*** Opening Stored data ***
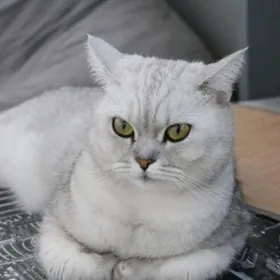 КОТ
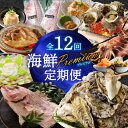 【ふるさと納税】海鮮Premium定期便(12回) \レビューキャンペーン実施中/
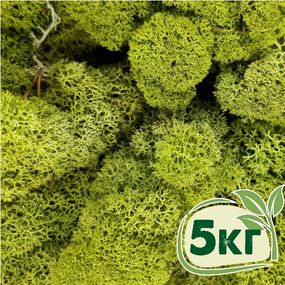Стабілізований мох ягель Зелений світлий 5 кг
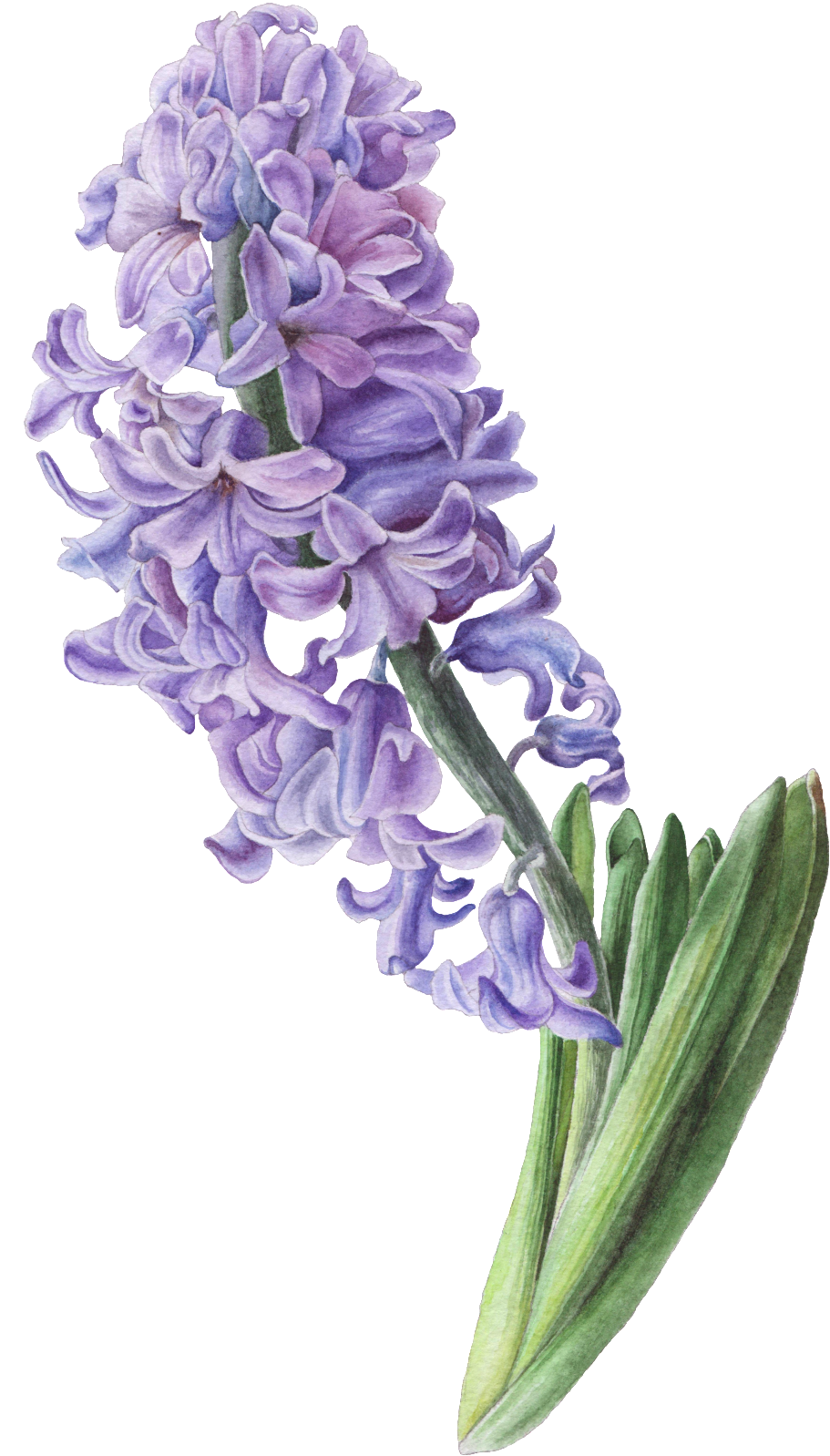 Pintado A Mano De Una Cadena De Hyacinth Png Transparente - Hyacinth Illustration (1024x1649), Png Download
*** Closing Stored data ***
What you should do: In the listing, find the line with "Стабілізований мох ягель Зелений світлий 5 кг" and retype exactly from there through the last line, both included, leaving the pictures out.

Answer section:
Стабілізований мох ягель Зелений світлий 5 кг
 Pintado A Mano De Una Cadena De Hyacinth Png Transparente - Hyacinth Illustration (1024x1649), Png Download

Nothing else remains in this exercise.